U.S. motor gasoline product supplied, a proxy for gasoline use in the United States, has been rising after reaching an 11-year low in 2012. Although lower gasoline prices have been an important factor in the increase in gasoline use so far in 2015, changes in the labor market and in the vehicle sales mix over the past few years also have contributed to the rise in gasoline use.
Because more than 90% of U.S. motor gasoline is used in light-duty vehicles (LDVs), factors that affect vehicle miles traveled (VMT) and the average fuel economy of the LDV fleet can also lead to changes in gasoline consumption. In addition to lower gasoline prices, a stronger U.S. job market and higher wage growth may have contributed to record-high VMT, and sales trends in the automotive market indicate that U.S. consumers are purchasing more vehicles that have lower fuel economy ratings.
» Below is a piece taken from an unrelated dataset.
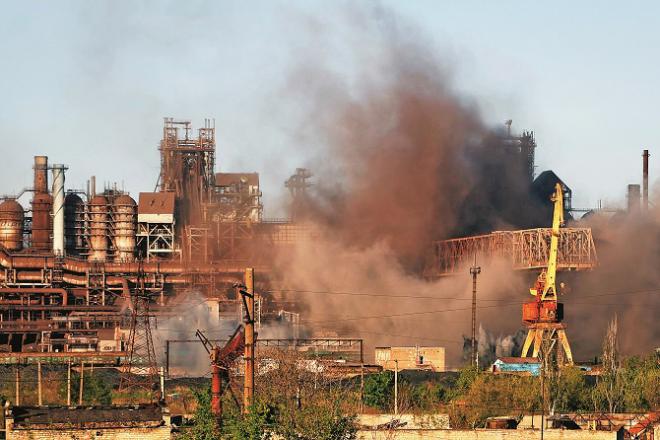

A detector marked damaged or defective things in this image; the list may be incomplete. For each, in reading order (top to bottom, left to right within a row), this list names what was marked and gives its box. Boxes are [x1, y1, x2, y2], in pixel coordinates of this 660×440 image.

rusted metal structure [422, 227, 600, 278]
The U.S. Department of Labor’s Bureau of Labor Statistics publishes the Job Openings and Labor Turnover Survey, which provides data on labor availability, such as the number of people hired and the number of jobs left unfilled (job openings) each month. The spread between the number of hires and the number of job openings is one way to measure the strength of the job market. Since the start of 2014, the gap between the number of hires and the number of job openings has declined. Starting in February 2015, the number of job openings has consistently exceeded the number of hires, reaching nearly 800,000 in July, signaling a tighter labor market where competition has increased to find qualified candidates.
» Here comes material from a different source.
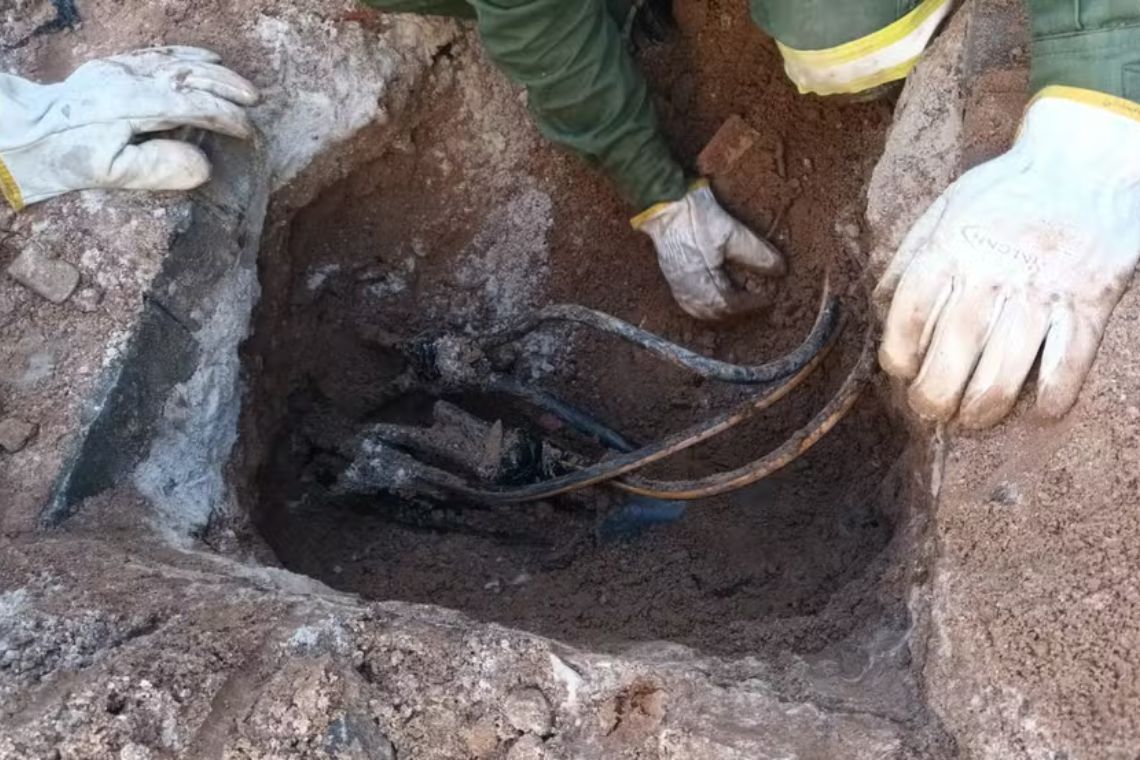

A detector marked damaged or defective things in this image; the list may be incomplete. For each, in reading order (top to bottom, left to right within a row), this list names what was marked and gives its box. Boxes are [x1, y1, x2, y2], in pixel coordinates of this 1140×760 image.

broken brick [697, 115, 761, 177]
broken brick [7, 243, 80, 303]
broken brick [0, 417, 37, 451]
Wages appear to be rising in response to the tighter labor market. Data from the Federal Reserve Bank of Atlanta for year-over-year median wage growth show that, in the fall of 2014, median wages began to grow at a faster rate than they had been in the four years since the end of the recession. In April and May 2015, median wages grew 3.3%, the highest rate since May 2009, before ticking down to 3.2% in June and July 2015. Some of the increase in gasoline consumption may reflect more driving by U.S. consumers as employment levels and purchasing power improve.
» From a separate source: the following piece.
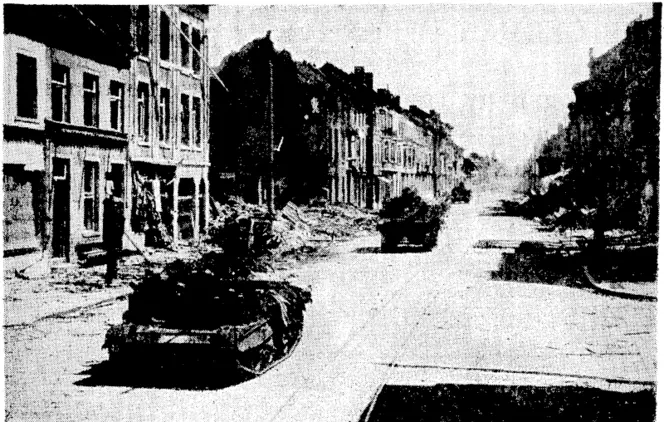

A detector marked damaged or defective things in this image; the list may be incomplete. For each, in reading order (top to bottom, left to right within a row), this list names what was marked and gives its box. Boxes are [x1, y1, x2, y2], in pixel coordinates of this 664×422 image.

damaged facade [2, 4, 210, 258]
In addition to rising VMT in response to both employment growth and lower prices, changes in the fuel economy of the U.S. LDV fleet can also affect gasoline consumption, particularly over a longer horizon. Vehicle sales data from the U.S. Department of Commerce’s Bureau of Economic Analysis show that from January through August of 2015, sales of light-duty trucks—pickup trucks, sport utility vehicles, and vans—outpaced those of passenger cars by a seasonally adjusted 28%, the highest difference on record. Light-duty truck sales, on an absolute basis, have been increasing steadily since 2009 and, from January to August 2015, averaged a record 9.57 million at a seasonally adjusted annual rate.
Even though fuel efficiency for light-duty trucks and passenger cars has increased because of fuel economy regulations, light-duty trucks have lower fuel efficiency on average than passenger cars. Over a longer period, the differences in fuel economy can increase gasoline consumption as trucks make up a higher percentage of the nation’s LDV fleet.